During data preparation, custom scripts were implemented to traverse the complete segmentation masks and retain only the regions corresponding to the target anatomical structures (e.g., vascular systems, abdominal organs, or other specific components depending on the network), discarding all irrelevant tissues. This preprocessing step produced focused datasets in which each image was exclusively paired with masks of the structures of interest, minimizing interference from surrounding anatomy.
It was also observed that requiring all target labels to be present simultaneously drastically reduced the number of usable samples. To overcome this limitation, an additional script was implemented to relax this constraint, allowing the inclusion of cases containing at least one of the target structures. This adjustment significantly increased dataset size and variability, improving model robustness and generalization.
The segmentation networks were implemented using the nnU-Net framework, leveraging its ability to adapt automatically to dataset properties such as patch size, voxel spacing, and number of classes.
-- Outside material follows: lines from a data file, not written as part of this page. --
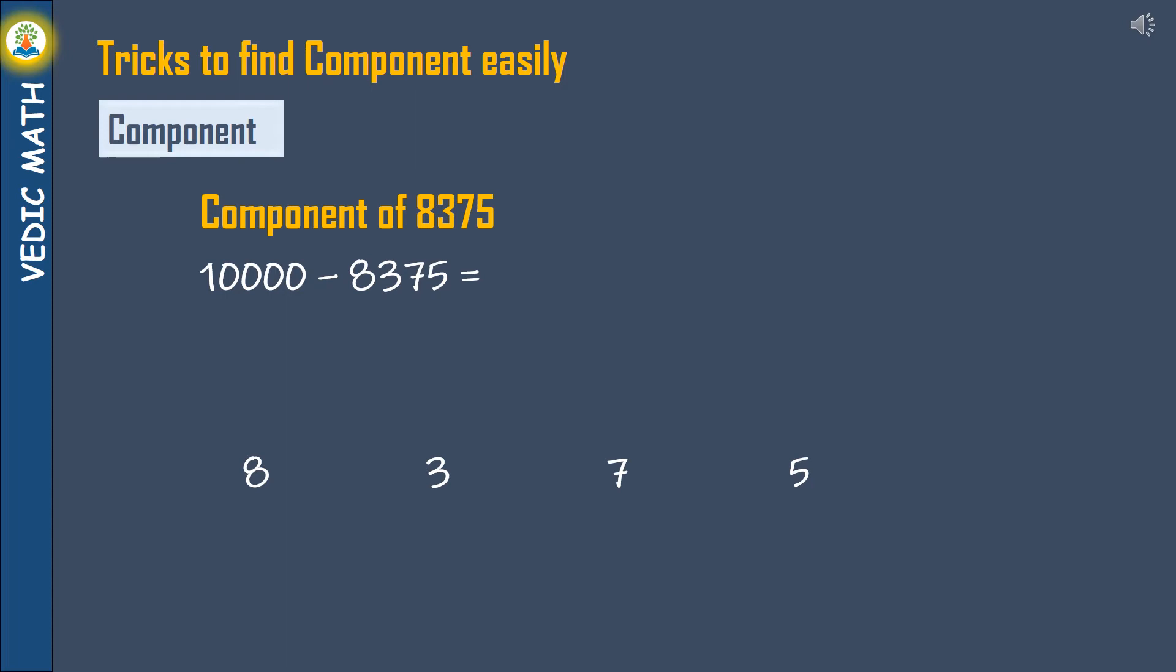Similar way try to find component of 8375, subtract 8, 3, 7 from 9 and last digit 5 from 10.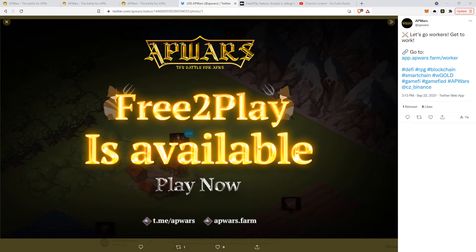Hello players! The first version of the free-to-play feature of VapWars has been released.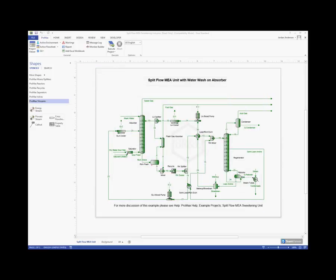The amine analysis allows us to calculate the loadings of our CO2 and our H2S in any stream that we have that contains an amine.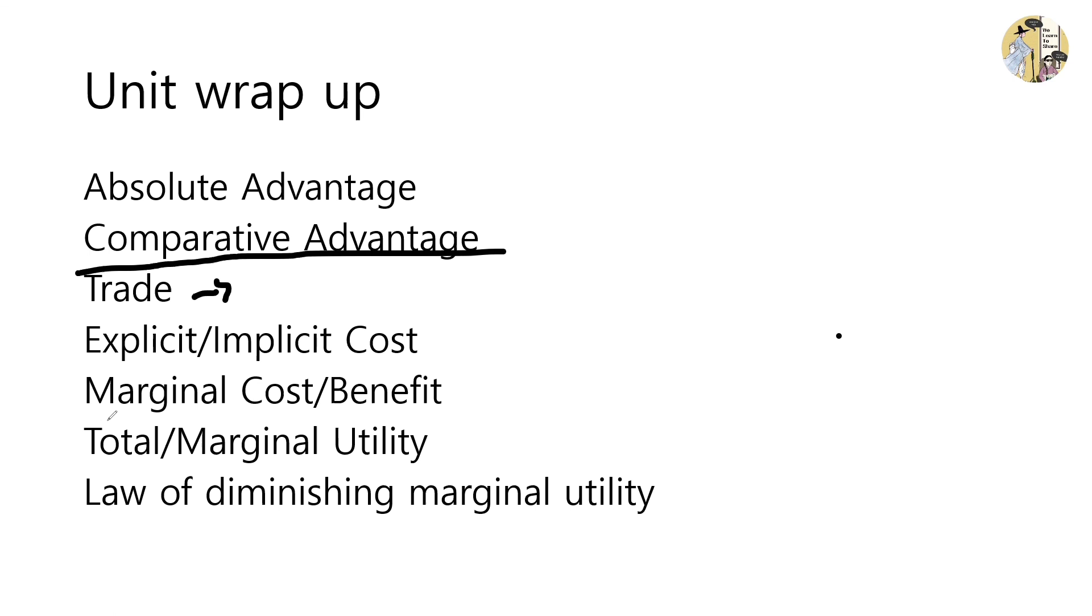The marginal cost refers to the cost that you have to pay for consuming an additional unit of a certain good or service, while the marginal benefit refers to the additional benefit you receive from consuming another unit.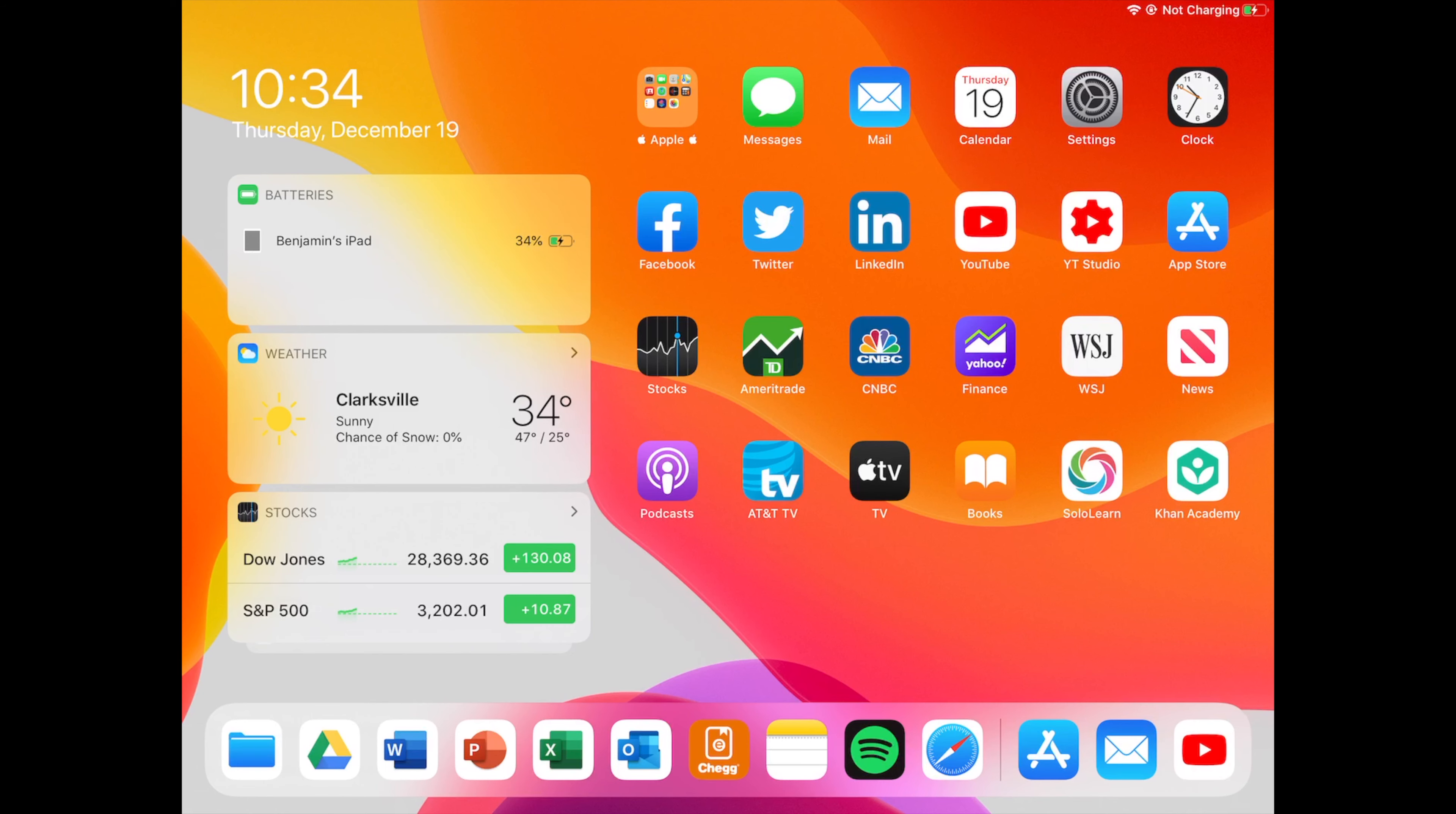Below that we have the Apple Podcast app, AT&T TV which was formerly DirecTV Now, which is a great streaming service.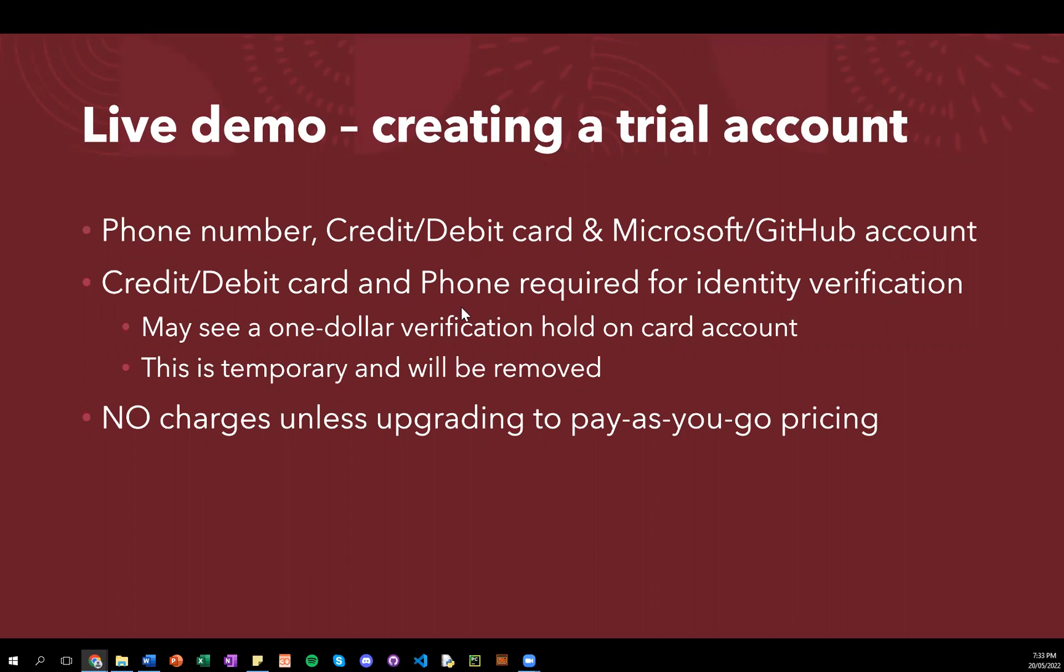Your card and phone are required for identity verification. And you may see a $1 verification hold on whatever card you choose. However, this is temporary and will be removed. Thus, this account requires no charges unless you decide to upgrade to pay-as-you-go pricing.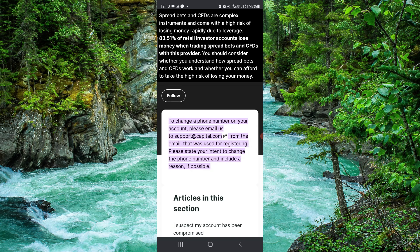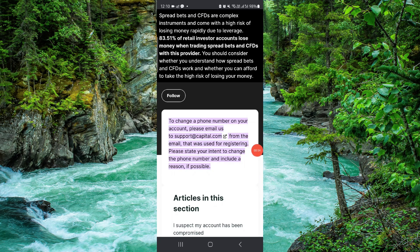So here you have to go, then we will just go to support, and then after here you can do that. This is how to change the phone number on the Cap Attack app. If you find this video helpful,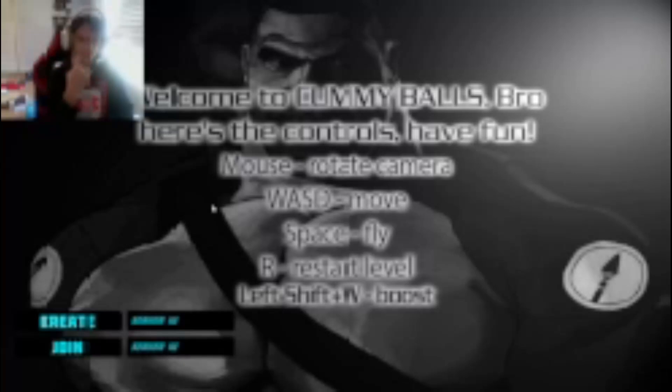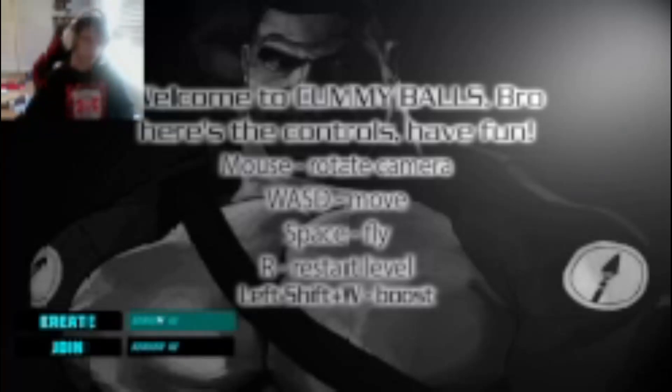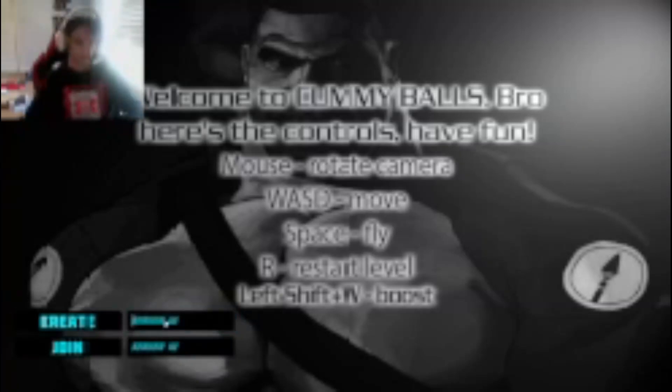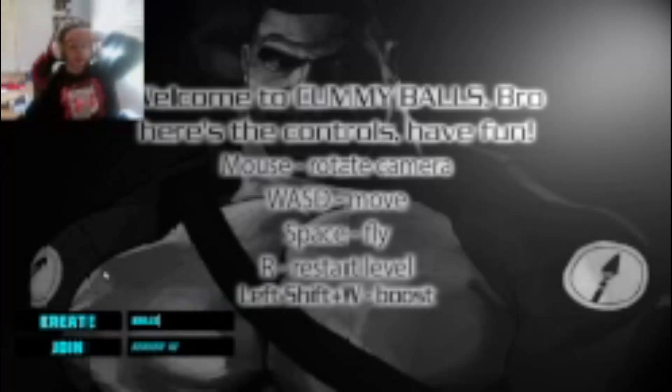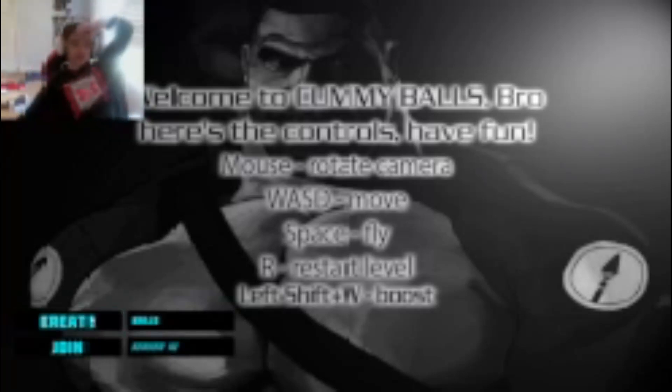Left shift plus W equals boost. Alright, but you got all that? Space to fly. Okay, WASD to move. Alright I'm making the same server already. Ball shift, yeah.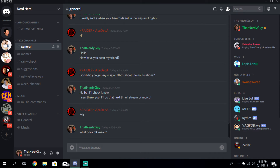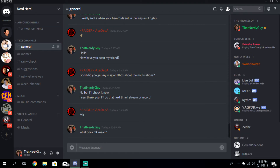Hello guys, welcome back to another video. Today it's going to be a little different. I'm going to teach you how to enable streamer mode on your Discord profile. I made this video previously, but I made it while I was in a stream team. Since I left it, I deleted the video because it was made to help my members. A lot of people have been asking for the video again, so I'm just going to remake it.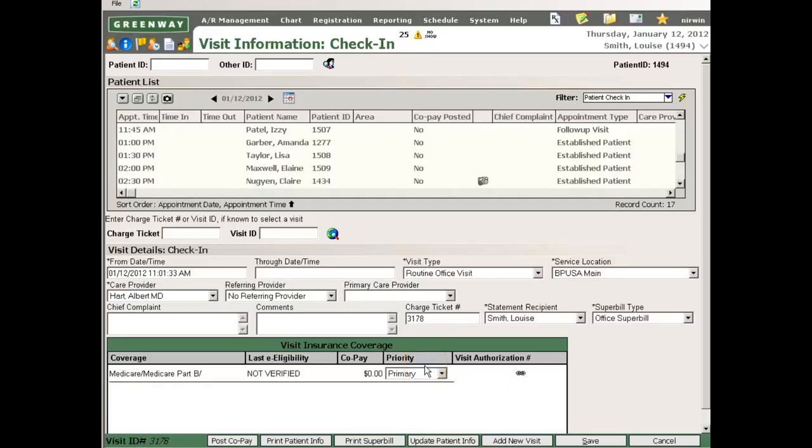In Greenway Prime Suite, it's very easy to post a copayment as part of the patient check-in process.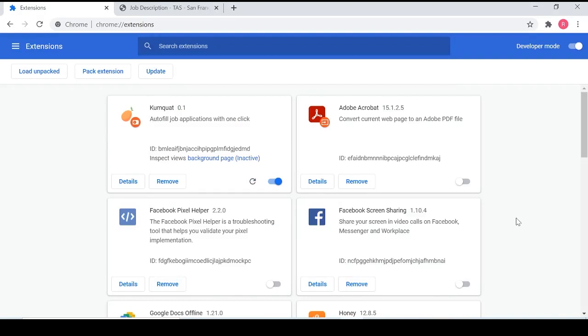Hey guys, my name is Raymond and today I'm going to show you how to use Kumquat. Kumquat is a Chrome extension that allows you to autofill job applications simply by clicking once.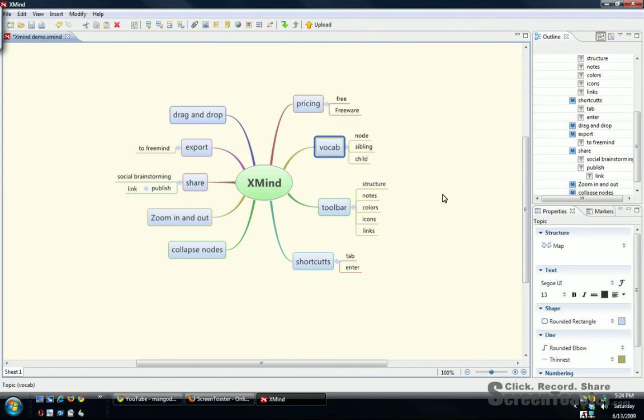Okay, welcome to Edvibes screencast. Today I'm going to be demoing XMind, a powerful mind mapping and concept mapping tool.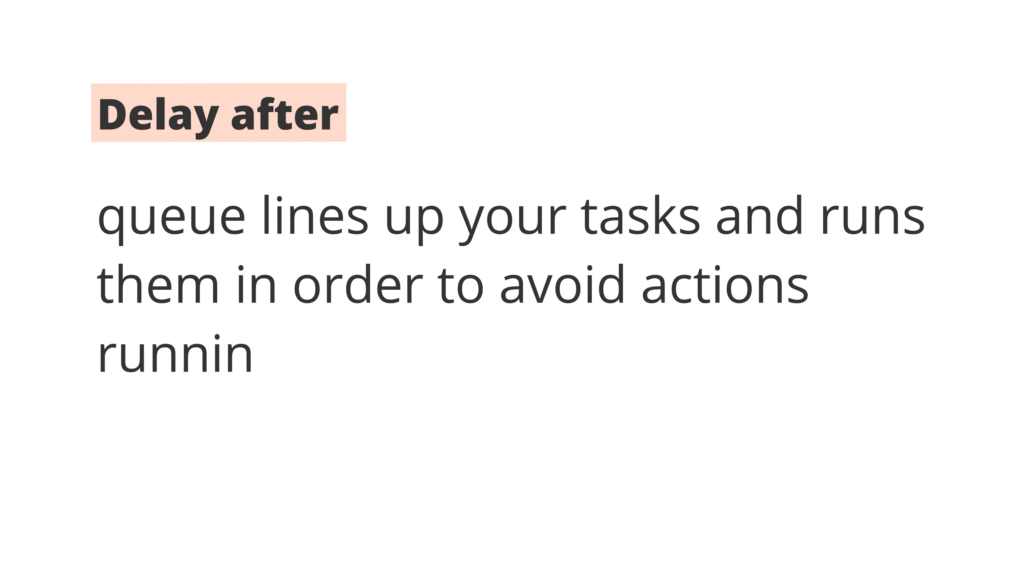Third, Delay After Queue. When a Zap triggers, it runs from top to bottom in the Zap Editor. So when you have a multi-step Zap, your actions will run at the same time or within seconds of each other.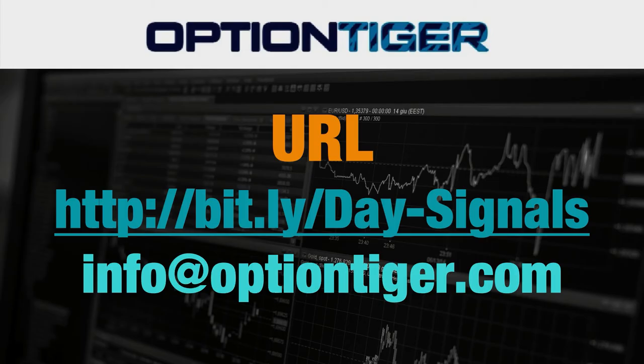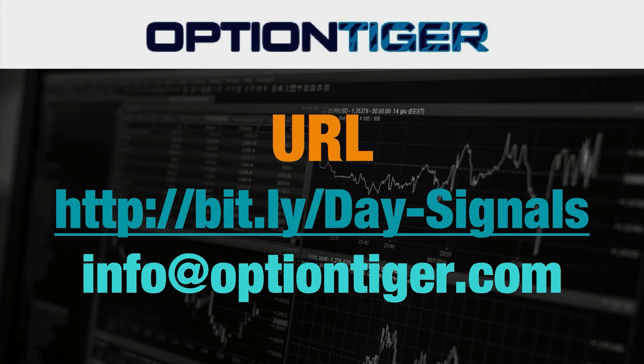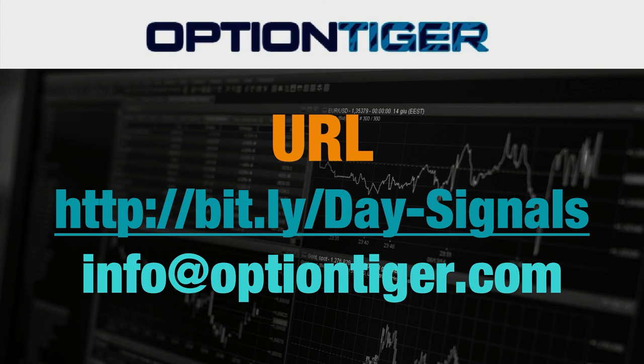If you want a free trial of this day trading signal service, you can go to this bit.ly link. It's bit.ly/Day-Signals. The D and the S have to be capitals. Once you go there, you can sign up and get a free trial. At the end of one week, if you don't want to continue, you can send us an email at info@optiontiger.com and we'll give you a full refund. Once again, the bit.ly link is bit.ly/Day-Signals with the D and S in caps. Thank you.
The architecture followed a 3D U-Net structure with encoder–decoder pathways, residual connections, and softmax-based multi-class output layers. Each network was trained to segment up to three classes (portal, venous, arterial vasculatures), with the output channel dimension adapted accordingly. Skip connections between the encoder and decoder ensured the preservation of fine-grained spatial details, which is critical for vascular structures due to their thin and branching morphology.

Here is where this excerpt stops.